Your goal => Look below for the line containing "Bravely-Default-Brilliant-Lights-cierre"; from there through the line containing "Photo 4 of Premises", both lines included, please set down each line exactly and nothing else.

(Data excerpts)
= Beginning of Section =

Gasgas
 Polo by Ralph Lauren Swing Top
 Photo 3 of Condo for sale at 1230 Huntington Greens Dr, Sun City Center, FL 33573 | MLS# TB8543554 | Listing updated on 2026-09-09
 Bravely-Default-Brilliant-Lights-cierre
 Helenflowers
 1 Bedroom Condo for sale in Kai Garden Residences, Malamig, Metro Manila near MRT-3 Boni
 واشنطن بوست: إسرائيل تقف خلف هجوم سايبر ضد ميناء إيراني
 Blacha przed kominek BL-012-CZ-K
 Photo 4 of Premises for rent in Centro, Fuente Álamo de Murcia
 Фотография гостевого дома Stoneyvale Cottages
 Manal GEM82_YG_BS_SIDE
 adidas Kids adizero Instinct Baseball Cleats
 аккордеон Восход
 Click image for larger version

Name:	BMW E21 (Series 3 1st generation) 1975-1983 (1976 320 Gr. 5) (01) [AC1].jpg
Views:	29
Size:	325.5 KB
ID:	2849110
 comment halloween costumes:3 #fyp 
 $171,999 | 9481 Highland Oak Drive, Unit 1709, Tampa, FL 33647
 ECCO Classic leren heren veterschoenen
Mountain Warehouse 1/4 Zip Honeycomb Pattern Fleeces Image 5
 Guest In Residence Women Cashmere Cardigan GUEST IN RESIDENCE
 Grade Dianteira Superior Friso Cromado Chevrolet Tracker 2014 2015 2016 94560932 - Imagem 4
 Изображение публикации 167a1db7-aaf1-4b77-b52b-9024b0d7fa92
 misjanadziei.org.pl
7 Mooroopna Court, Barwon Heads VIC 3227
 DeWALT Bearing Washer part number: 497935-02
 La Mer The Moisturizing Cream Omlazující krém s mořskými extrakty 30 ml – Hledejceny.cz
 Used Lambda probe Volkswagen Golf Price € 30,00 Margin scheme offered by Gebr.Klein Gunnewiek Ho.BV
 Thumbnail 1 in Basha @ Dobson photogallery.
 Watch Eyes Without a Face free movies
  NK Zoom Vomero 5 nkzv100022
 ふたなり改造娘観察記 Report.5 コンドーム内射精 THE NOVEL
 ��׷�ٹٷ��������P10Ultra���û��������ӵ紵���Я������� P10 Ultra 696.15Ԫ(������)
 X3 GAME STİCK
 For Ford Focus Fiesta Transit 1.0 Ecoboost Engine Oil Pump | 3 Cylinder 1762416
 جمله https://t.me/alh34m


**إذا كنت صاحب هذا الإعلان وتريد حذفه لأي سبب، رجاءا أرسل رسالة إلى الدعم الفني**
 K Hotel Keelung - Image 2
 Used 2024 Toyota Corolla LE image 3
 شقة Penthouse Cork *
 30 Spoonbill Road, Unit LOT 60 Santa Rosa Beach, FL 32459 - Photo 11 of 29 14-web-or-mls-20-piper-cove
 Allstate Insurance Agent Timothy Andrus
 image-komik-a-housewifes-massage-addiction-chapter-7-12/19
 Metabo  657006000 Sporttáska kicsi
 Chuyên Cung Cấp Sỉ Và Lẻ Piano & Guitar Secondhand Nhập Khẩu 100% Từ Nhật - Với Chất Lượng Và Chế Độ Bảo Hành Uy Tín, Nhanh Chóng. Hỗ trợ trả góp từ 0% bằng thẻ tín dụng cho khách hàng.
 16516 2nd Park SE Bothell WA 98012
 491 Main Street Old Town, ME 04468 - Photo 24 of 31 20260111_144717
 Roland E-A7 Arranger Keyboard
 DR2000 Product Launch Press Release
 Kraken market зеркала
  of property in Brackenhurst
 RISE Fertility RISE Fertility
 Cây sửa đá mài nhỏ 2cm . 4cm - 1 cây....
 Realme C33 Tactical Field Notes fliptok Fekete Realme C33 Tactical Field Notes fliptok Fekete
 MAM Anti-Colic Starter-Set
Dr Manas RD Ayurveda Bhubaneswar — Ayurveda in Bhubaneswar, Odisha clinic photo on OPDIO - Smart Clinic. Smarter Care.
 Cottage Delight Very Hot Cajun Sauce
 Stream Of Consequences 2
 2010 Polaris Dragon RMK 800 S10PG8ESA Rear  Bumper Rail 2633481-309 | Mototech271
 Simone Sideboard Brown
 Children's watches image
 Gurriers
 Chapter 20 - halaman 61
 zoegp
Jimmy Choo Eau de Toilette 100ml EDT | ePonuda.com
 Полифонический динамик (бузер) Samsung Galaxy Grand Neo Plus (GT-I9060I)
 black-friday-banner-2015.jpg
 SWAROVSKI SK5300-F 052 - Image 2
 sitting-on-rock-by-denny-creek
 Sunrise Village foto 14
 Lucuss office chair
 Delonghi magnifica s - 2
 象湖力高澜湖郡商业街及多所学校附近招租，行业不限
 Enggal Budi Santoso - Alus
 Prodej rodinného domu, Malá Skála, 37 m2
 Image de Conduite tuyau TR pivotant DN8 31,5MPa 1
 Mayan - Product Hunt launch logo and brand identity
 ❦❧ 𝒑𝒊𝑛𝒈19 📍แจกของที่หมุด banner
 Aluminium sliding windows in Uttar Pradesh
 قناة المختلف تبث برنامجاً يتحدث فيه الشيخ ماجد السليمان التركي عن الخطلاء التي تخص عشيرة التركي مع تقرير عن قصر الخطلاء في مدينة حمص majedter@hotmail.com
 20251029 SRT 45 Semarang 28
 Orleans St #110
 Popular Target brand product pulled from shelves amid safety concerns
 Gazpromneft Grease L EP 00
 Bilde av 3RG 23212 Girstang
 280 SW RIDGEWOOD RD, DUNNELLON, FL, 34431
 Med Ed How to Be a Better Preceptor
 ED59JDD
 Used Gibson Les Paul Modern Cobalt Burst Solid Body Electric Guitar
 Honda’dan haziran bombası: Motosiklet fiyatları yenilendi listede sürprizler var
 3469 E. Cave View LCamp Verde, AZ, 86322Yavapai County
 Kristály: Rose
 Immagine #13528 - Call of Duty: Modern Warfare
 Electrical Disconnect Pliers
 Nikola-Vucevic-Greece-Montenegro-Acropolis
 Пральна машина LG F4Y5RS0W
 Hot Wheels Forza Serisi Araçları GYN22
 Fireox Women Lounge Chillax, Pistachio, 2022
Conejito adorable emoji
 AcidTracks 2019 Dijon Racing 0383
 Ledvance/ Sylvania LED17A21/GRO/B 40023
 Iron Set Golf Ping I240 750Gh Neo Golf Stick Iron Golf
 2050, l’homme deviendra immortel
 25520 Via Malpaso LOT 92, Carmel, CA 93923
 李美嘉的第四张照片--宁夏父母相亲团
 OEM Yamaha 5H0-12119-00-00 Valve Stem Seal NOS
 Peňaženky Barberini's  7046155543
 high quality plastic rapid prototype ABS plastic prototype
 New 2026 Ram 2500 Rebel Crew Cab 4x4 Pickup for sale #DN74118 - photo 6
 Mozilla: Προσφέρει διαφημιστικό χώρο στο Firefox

= End of Section =

Your response =>
 Bravely-Default-Brilliant-Lights-cierre
 Helenflowers
 1 Bedroom Condo for sale in Kai Garden Residences, Malamig, Metro Manila near MRT-3 Boni
 واشنطن بوست: إسرائيل تقف خلف هجوم سايبر ضد ميناء إيراني
 Blacha przed kominek BL-012-CZ-K
 Photo 4 of Premises for rent in Centro, Fuente Álamo de Murcia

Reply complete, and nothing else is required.